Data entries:
────────────────

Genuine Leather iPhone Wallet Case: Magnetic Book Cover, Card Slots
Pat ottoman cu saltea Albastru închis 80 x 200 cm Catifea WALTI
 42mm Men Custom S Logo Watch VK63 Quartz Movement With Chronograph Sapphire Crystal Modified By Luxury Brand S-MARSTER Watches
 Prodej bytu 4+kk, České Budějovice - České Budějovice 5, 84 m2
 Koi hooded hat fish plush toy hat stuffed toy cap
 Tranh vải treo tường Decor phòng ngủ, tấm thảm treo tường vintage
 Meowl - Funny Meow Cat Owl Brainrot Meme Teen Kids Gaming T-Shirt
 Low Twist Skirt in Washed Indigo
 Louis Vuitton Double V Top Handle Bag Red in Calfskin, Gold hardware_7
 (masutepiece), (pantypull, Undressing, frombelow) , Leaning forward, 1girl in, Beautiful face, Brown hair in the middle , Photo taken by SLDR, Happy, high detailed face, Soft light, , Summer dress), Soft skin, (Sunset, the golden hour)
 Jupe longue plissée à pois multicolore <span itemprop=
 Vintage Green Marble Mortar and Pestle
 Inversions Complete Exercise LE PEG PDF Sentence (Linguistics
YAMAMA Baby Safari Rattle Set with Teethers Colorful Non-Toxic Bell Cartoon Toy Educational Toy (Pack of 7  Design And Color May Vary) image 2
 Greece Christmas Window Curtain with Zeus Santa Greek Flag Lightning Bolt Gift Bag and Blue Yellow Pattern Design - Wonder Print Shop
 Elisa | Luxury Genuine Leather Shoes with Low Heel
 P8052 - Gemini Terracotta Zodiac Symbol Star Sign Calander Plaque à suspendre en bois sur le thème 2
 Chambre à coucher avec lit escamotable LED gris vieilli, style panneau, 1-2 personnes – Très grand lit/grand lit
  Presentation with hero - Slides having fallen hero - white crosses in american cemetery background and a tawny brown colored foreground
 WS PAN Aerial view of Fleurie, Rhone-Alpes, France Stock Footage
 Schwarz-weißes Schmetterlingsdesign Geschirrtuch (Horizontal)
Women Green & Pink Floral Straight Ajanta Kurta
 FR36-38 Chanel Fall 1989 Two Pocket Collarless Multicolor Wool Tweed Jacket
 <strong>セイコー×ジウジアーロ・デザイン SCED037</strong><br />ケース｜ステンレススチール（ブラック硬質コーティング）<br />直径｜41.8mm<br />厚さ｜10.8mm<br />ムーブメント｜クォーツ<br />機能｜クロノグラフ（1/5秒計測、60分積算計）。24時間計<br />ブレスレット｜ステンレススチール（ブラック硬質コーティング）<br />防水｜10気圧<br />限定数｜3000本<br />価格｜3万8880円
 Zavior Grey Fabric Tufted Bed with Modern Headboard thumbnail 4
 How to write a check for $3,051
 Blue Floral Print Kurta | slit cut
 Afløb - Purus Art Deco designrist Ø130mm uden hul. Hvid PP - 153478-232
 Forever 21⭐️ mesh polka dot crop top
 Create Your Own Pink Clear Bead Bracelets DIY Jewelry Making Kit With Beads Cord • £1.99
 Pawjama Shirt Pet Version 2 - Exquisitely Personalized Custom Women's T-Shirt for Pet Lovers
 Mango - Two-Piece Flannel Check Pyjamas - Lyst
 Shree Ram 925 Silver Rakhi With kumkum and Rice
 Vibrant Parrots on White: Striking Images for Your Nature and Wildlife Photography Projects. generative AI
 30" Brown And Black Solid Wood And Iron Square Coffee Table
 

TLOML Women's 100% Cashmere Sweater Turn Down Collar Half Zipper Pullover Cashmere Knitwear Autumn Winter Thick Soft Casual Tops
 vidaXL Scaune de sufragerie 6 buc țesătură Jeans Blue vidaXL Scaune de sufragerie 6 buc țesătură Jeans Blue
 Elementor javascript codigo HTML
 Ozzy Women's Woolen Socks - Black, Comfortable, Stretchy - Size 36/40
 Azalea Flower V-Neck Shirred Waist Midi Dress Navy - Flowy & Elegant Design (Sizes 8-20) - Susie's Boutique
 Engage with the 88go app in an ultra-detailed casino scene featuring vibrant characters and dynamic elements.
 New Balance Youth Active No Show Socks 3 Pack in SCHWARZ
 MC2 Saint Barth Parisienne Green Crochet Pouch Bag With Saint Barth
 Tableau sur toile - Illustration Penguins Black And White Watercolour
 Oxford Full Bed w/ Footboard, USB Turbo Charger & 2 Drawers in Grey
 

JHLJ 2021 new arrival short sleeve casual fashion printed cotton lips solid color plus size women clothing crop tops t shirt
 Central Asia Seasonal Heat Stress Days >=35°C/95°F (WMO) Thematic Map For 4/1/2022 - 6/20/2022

────────────────

* _REQUIRED ACTION_
Word for word, repeat the data from its first line through the line with "Elisa | Luxury", including both of those lines and no others.

* _RESPONSE BELOW_
Genuine Leather iPhone Wallet Case: Magnetic Book Cover, Card Slots
Pat ottoman cu saltea Albastru închis 80 x 200 cm Catifea WALTI
 42mm Men Custom S Logo Watch VK63 Quartz Movement With Chronograph Sapphire Crystal Modified By Luxury Brand S-MARSTER Watches
 Prodej bytu 4+kk, České Budějovice - České Budějovice 5, 84 m2
 Koi hooded hat fish plush toy hat stuffed toy cap
 Tranh vải treo tường Decor phòng ngủ, tấm thảm treo tường vintage
 Meowl - Funny Meow Cat Owl Brainrot Meme Teen Kids Gaming T-Shirt
 Low Twist Skirt in Washed Indigo
 Louis Vuitton Double V Top Handle Bag Red in Calfskin, Gold hardware_7
 (masutepiece), (pantypull, Undressing, frombelow) , Leaning forward, 1girl in, Beautiful face, Brown hair in the middle , Photo taken by SLDR, Happy, high detailed face, Soft light, , Summer dress), Soft skin, (Sunset, the golden hour)
 Jupe longue plissée à pois multicolore <span itemprop=
 Vintage Green Marble Mortar and Pestle
 Inversions Complete Exercise LE PEG PDF Sentence (Linguistics
YAMAMA Baby Safari Rattle Set with Teethers Colorful Non-Toxic Bell Cartoon Toy Educational Toy (Pack of 7  Design And Color May Vary) image 2
 Greece Christmas Window Curtain with Zeus Santa Greek Flag Lightning Bolt Gift Bag and Blue Yellow Pattern Design - Wonder Print Shop
 Elisa | Luxury Genuine Leather Shoes with Low Heel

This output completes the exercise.